Meinesz's new book "Killer Algae" (University of Chicago Press) narrates his personal odyssey to learn more about the algae and his jousts with French bureaucrats who denied responsibility and delayed action - what he considers a case study in how not to handle an invasive exotic species. He also reflects on the increasing threats to biodiversity. Meinesz spoke recently with the Monitor.
What is the killer algae, and why is it a problem?
It never killed anyone. It was a name given by the media. The problem is that it is an invader for the first time in the Mediterranean Sea. It never existed before 1984. This algae loves all the sea bottom and can grow on rock, on sand, in polluted harbors, along the shoreline. Everywhere. It is very competitive and grows faster than all the other plants. It is a major invader.

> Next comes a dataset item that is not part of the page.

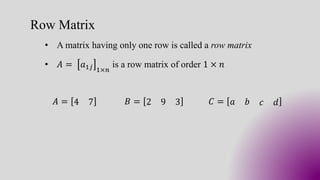 Types of Matrics | PDF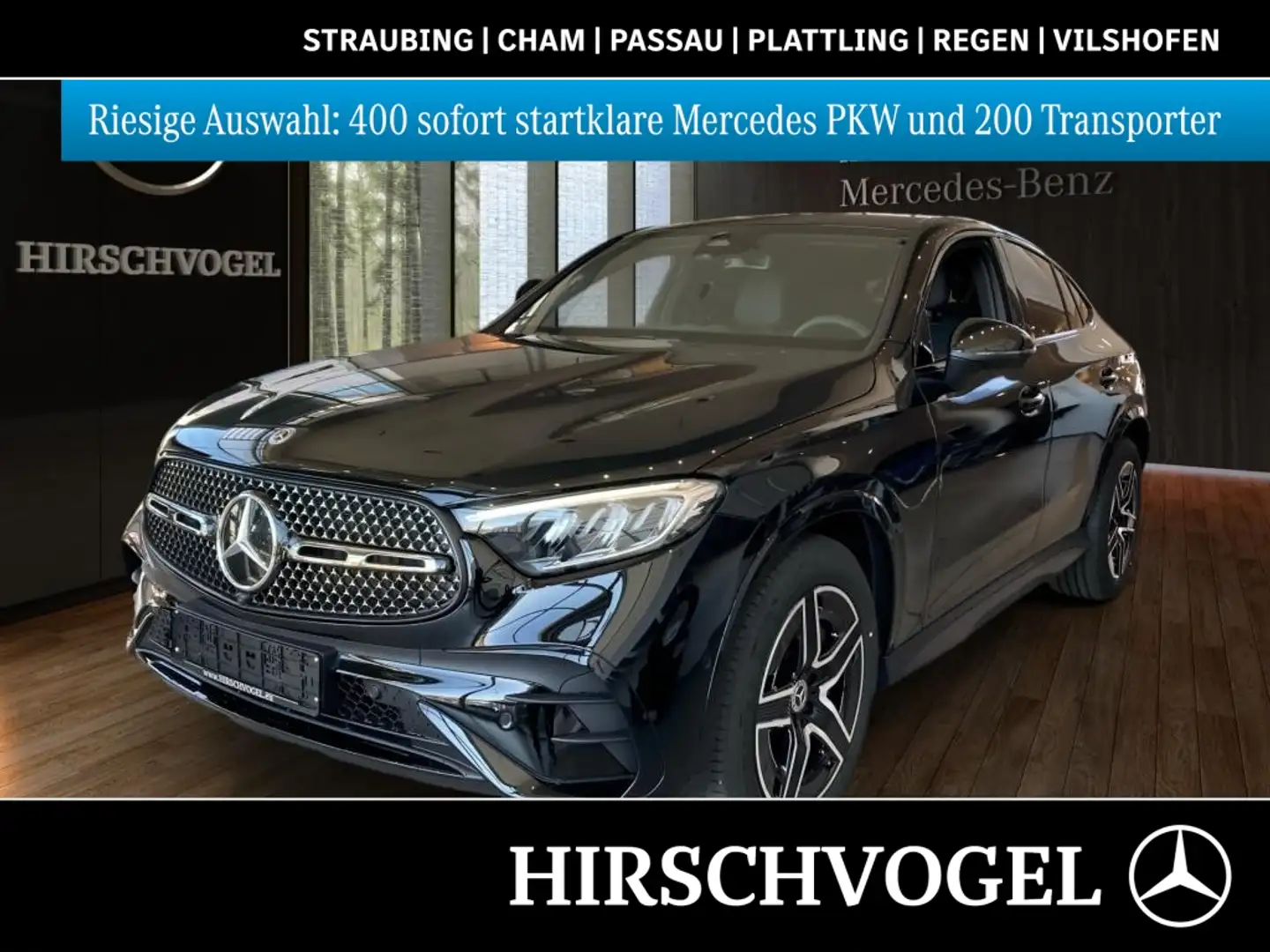 Mercedes-Benz GLC 220 d 4M EDITION AMG-Line+Night+AHK+DISTRON Schwarz - 1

In your book, you blame French government officials for ignoring the problem. Is this peculiar to France? Have other nations done a better job at controlling introduced species?
In the sea, people don't see it as a problem. In the United States, England, and Australia, you have seen what happens with invasive species on land, and you see it is a major problem. But in France, we have few examples of this. Besides, the algae is underwater. French authorities didn't understand at the beginning. Only now they understand, but it's a little late.
Given that international trade is booming and organisms are moving from place to place faster than ever, what can be done to stop the next one?
For the sea, there must be international rules for purifying ballast water from ships. We are transporting many things, and that has never happened before.
Second is the aquarium trade. Entire ecosystems, reefs, and animals are being moved around the globe. It is better to see tropical fishes in nearby aquariums, but not in other countries. Aquaculture, too, is a problem. New species are grown in places where they shouldn't be living, where they don't have natural enemies.
What are the lessons from "Killer Algae"?
First is the ecological lesson, that we must preserve biodiversity. [Famous Harvard ecologist] E.O. Wilson said that the first damage to biodiversity is the destruction of habitat, the second is invasive species. This is evolution in reverse.
Instead of a separation of species, with transportation by man, we are putting species back together, and only a few strong ones will dominate the world. That is a very strange thing.
The second lesson is the decline of the study of ecology. Science has become too specialized.
The third is the media. The scientists who work in ecology must not only publish in scientific papers but they must communicate in the media. They must do both. It is very difficult for us. It is not good for our career, but it is important that we must say what is wrong on our earth. This is a new ethic for scientists because scientists do not like to do this.